BUDGET 2015 shows a clear shift from broad-based subsidies to direct assistance that has been the cornerstone of Prime Minister Datuk Seri Najib Razak's Economic Transformation Programme (ETP).
There were no big surprises in the budget, which is the last for the 10th Malaysia Plan (10MP).
In May next year, Najib will unveil the 11th Malaysia Plan, which is the last five-year plan before Malaysia hits high-income nation status by 2020. But in Budget 2015, what is evident is the number of direct subsidies given to various groups of lower and lower-middle income households, a move to ease the burden of this group of people.
Topping the list is the 1Malaysia People's Aid (BR1M), which has been increased almost 50 per cent to RM950 (S$372.20) from RM650 for those households with a monthly income of RM3,000 and below. For those with monthly incomes of between RM3,000 and RM4,000, BR1M would be increased to RM750 from RM450.
On a smaller scale, assistance is channelled to rubber smallholders, who get a one-off special payment of RM500 to help overcome the low price of the commodity, fishermen to get monthly living allowances of RM250 or RM300 depending on location and a monthly allowance of RM200 for coastal fishermen.
To enable more people to buy their first home and reduce the cost of buying a house, the 50 per cent stamp duty exemption will be extended to Dec 31, 2016 while the purchase limit will be increased to RM500,000 from RM400,000.
Furthermore, for those purchasing their first home via the Skim Rumah Pertamaku, the ceiling price has been raised to RM500,000 and the age of borrowers raised to 40 from 35. Conspicuously missing was the announcement of large-scale projects that used to be a feature in previous budgets under the ETP.

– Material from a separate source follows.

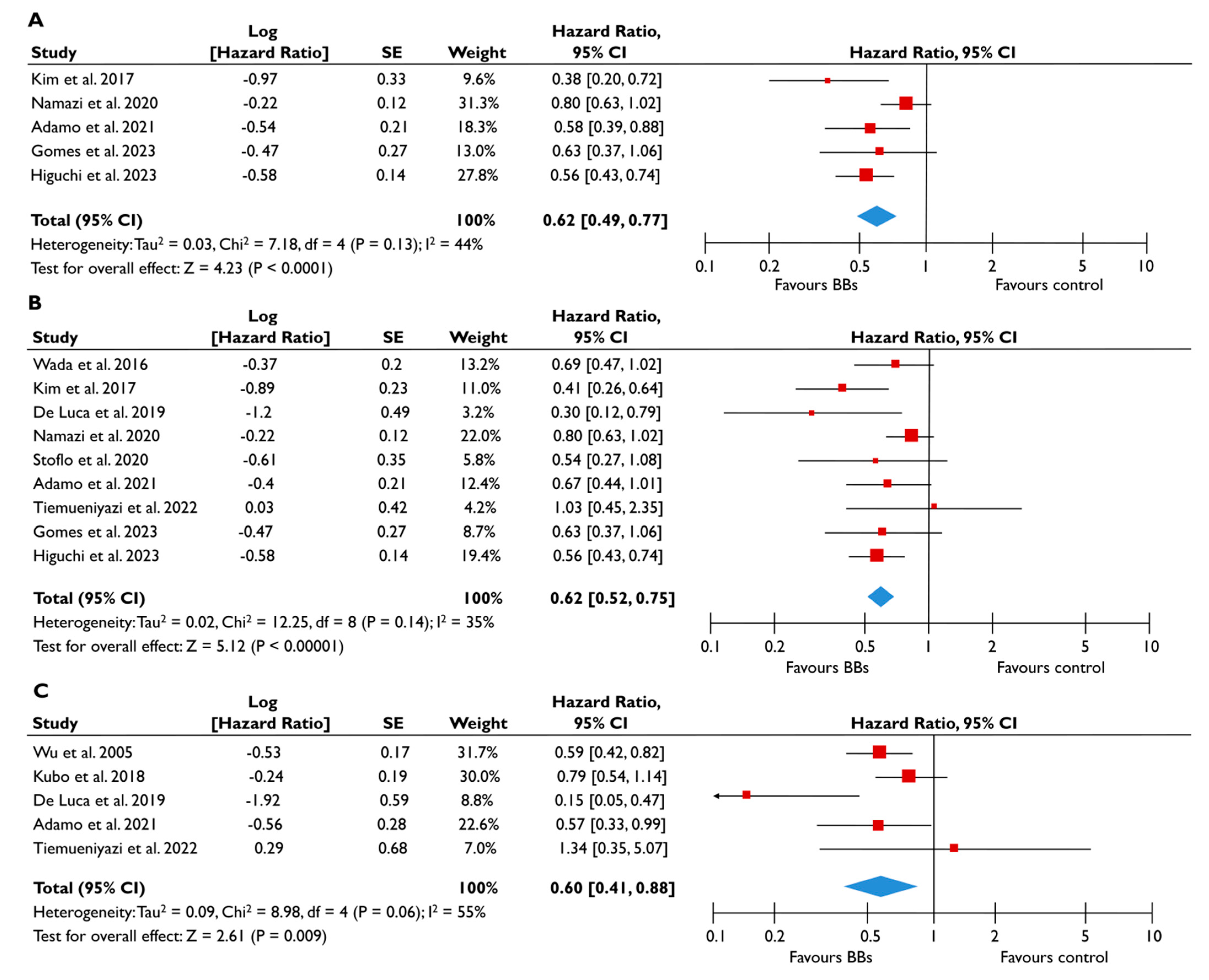 Diagnostics 15 00598 g004 Diagnostics 15 00598 g004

Among the few announced were the RM9bil LRT 3 and the RM23bil Second MRT Line. But both these projects were already on the drawing board.

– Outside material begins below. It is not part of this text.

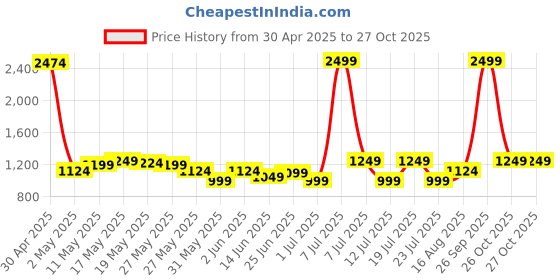 myntra.com Celio Men Grey Slim Fit Solid Regular Trousers celio Price History Graph from 30 Apr 2025 to 27 Oct 2025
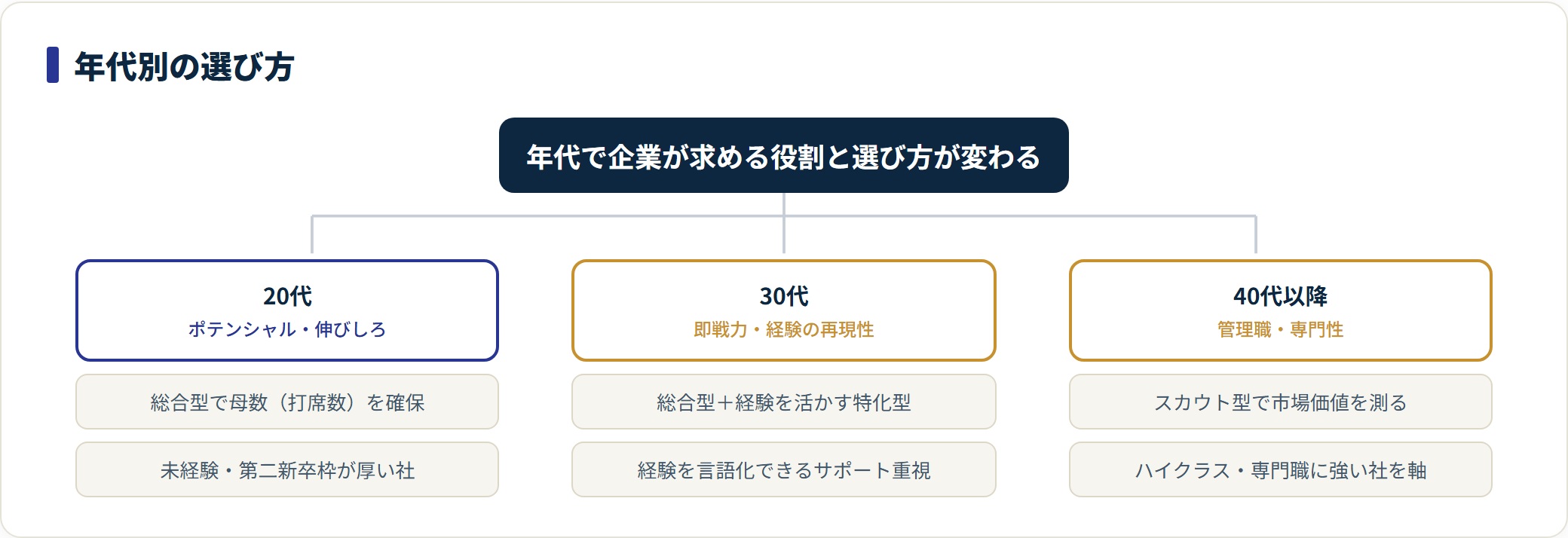 転職サイト選びを20代・30代・40代以降の年代別に分類した図。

The only element missing was the amount that the Government will set aside for implementation.
The much talked about Pan Borneo Highway, straddling Sabah and Sarawak, that has been mentioned since two years ago will finally take off next year at a cost of RM27bil.
There were also no major surprises where personal income and corporate taxes were concerned, as the reductions announced yesterday were already made known during Budget 2014.
But it is easy to fathom why Najib has taken a cautious stance in unveiling this budget.
It comes at a time when the country is going through a transformation in its tax system with Goods and Services Tax (GST) of 6 per cent slated to replace the Sales and Service Tax from April 1.
The next one year will be a transition for the Government to gauge its potential income from GST.
For now, it is slated to net about RM5.6bil for the period between April and December next year.
Given that Budget 2015 is the final budget of the 10MP, Najib mentioned in his speech that a new approach known as the Malaysian National Development Strategy (MyNDS) is being formulated. This would underpin the 11th Malaysia Plan, to be launched next May.
Until then, the nation will have to go through this period of transformation.